Question

9. The mean value of land and buildings per acre from a sample of farms is ​$1700, with a standard deviation of ​$200. The data set has a​ bell-shaped distribution. Assume the number of farms in the sample is 73.

A. Use the empirical rule to estimate the number of farms whose land and building values per acre are between $1300 and ​$2100.

B. If 21 additional farms were​ sampled, about how many of these additional farms would you expect to have land and building values between $1300 per acre and ​$2100 per​ acre?

10. From a sample with n=28​, the mean number of televisions per household is 2 with a standard deviation of 1 television. Using Chebychev's Theorem, determine at least how many of the households have between 0 and 4 televisions.

Answer 1

Solution

Back-up Theory

Empirical rule, also known as 68 – 95 – 99.7 percent rule: applicable to symmetric (bell-shaped) distributions

P{(µ - σ) ≤ X ≤ (µ + σ)} = 0.68; ..........……………………………………………………………………..………….(1a)

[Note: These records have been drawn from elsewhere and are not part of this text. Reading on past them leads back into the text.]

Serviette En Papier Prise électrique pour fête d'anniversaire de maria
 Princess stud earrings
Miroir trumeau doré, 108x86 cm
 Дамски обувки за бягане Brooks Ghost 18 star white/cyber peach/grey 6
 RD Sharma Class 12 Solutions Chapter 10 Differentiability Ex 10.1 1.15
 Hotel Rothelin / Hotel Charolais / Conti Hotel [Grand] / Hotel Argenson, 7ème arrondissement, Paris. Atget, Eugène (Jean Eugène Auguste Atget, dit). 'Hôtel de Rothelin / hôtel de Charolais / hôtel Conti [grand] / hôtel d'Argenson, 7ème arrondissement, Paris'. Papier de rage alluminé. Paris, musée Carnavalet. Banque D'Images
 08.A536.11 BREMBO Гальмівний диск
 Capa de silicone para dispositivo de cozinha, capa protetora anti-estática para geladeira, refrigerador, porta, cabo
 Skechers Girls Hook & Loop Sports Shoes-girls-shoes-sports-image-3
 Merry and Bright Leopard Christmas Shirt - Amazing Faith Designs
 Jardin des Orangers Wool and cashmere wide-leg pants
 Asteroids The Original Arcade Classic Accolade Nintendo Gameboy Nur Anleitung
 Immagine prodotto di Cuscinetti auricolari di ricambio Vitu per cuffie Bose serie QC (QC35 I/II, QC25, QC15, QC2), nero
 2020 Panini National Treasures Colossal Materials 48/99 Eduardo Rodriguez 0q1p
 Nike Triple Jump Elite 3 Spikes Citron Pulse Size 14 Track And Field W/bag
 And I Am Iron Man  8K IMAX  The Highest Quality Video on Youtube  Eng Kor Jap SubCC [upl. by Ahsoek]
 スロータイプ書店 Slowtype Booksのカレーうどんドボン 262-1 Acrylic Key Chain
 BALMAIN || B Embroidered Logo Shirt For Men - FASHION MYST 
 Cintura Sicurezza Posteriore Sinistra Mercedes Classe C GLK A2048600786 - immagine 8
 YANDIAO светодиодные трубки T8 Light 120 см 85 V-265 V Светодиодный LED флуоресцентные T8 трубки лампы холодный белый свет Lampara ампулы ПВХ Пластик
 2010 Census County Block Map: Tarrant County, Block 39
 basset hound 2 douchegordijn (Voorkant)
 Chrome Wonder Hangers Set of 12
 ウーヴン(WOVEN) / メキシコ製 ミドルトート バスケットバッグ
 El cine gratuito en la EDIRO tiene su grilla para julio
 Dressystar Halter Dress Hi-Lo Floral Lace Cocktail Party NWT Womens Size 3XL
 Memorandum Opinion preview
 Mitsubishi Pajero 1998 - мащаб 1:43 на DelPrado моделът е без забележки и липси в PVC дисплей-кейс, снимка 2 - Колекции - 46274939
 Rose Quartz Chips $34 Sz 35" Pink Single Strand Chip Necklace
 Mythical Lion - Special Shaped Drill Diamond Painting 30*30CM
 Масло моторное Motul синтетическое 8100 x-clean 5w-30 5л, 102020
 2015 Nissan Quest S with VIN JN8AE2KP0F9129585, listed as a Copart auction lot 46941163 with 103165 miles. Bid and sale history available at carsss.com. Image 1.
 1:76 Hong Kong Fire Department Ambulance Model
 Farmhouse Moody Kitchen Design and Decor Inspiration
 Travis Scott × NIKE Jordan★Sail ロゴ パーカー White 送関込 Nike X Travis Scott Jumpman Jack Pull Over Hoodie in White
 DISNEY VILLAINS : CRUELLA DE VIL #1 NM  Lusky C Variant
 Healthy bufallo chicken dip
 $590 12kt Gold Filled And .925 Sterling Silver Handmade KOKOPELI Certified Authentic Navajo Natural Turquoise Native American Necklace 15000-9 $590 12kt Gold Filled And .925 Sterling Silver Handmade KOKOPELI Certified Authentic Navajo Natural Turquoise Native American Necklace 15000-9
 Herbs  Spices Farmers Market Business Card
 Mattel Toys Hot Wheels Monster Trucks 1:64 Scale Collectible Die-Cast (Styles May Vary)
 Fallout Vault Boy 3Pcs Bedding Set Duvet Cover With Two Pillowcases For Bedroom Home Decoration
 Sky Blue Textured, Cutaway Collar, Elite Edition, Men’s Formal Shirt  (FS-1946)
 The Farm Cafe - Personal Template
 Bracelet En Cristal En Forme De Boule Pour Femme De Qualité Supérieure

P{(µ - 2σ) ≤ X ≤ (µ + 2σ)} = 0.95; ...............................……………………………………………..……………….(1b)

P{(µ - 3σ) ≤ X ≤ (µ + 3σ)} = 0.997 ......................................………………………………………..……………….(1c)

i.e., Mean ± 1 Standard Deviation holds 68% of the observations; …………………………..…….....………….(1d)

Mean ± 2 Standard Deviations holds 95% of the observations ……………………………………...………..….(1e)

and Mean ± 3 Standard Deviations holds 99.7% of the observations. ……………………………….......……...(1f).

Chebyshev’s Inequality:

If E(X) = µ and V(X) = σ², then P(|X - µ | ≥ kσ) ≤ 1/k² for a wide spectrum of distributions……….............…. (2)

Now to work out the solution,

Q 9

Part (A)

Given the mean value of land and buildings per acre from a sample of farms is ​$1700, with a standard deviation of ​$200,

1300 = 1700 – (2 x 200) and 2100 = 1700 + (2 x 200), i.e., 1300 = (µ - 2σ) and 2100 = (µ+ 2σ).

So, vide (1b), probability that the values per acre are between $1300 and ​$2100 is 0.95.

Since the number of farms in the sample is 73, the estimate of the number of farms whose land and building values per acre are between $1300 and ​$2100 = 73 x 0.95 = 69.35 or

= 69 Answer

Part (B)

By the same principle as above, if 21 additional farms were​ sampled, additional farms expected to have land and building values between $1300 per acre and ​$2100 per​ acre = 21 x 0.95 = 19.95

= 20 Answer 2

Q 10

Let X = number of televisions per household

Given n=28​, the mean number of televisions per household is 2 with a standard deviation of 1,

µ = 2 and σ = 1, 0 = µ - 2σ and 4 = µ + 2σ.

So, P[0 < X < 4]

= P[|x - µ |< 2σ]

Vide (2), k = 2 or 1/k² = ¼

P[|x - µ |< 2σ] = 1 - P[|x - µ |≥ 2σ]

So, by Chebyshev’s Inequality,

P[0 < X < 4] = 1 - P[|x - µ |≥ 2σ] ≥ 1 – ¼ = 0.75.

Thus, probability that the households have between 0 and 4 televisions

= P[0 < X < 4] ≥ 0.75

So, out of 28 houses, at least (28 X 0.75) = 21

So, at least 21 households will have between 0 and 4 televisions Answer

DONE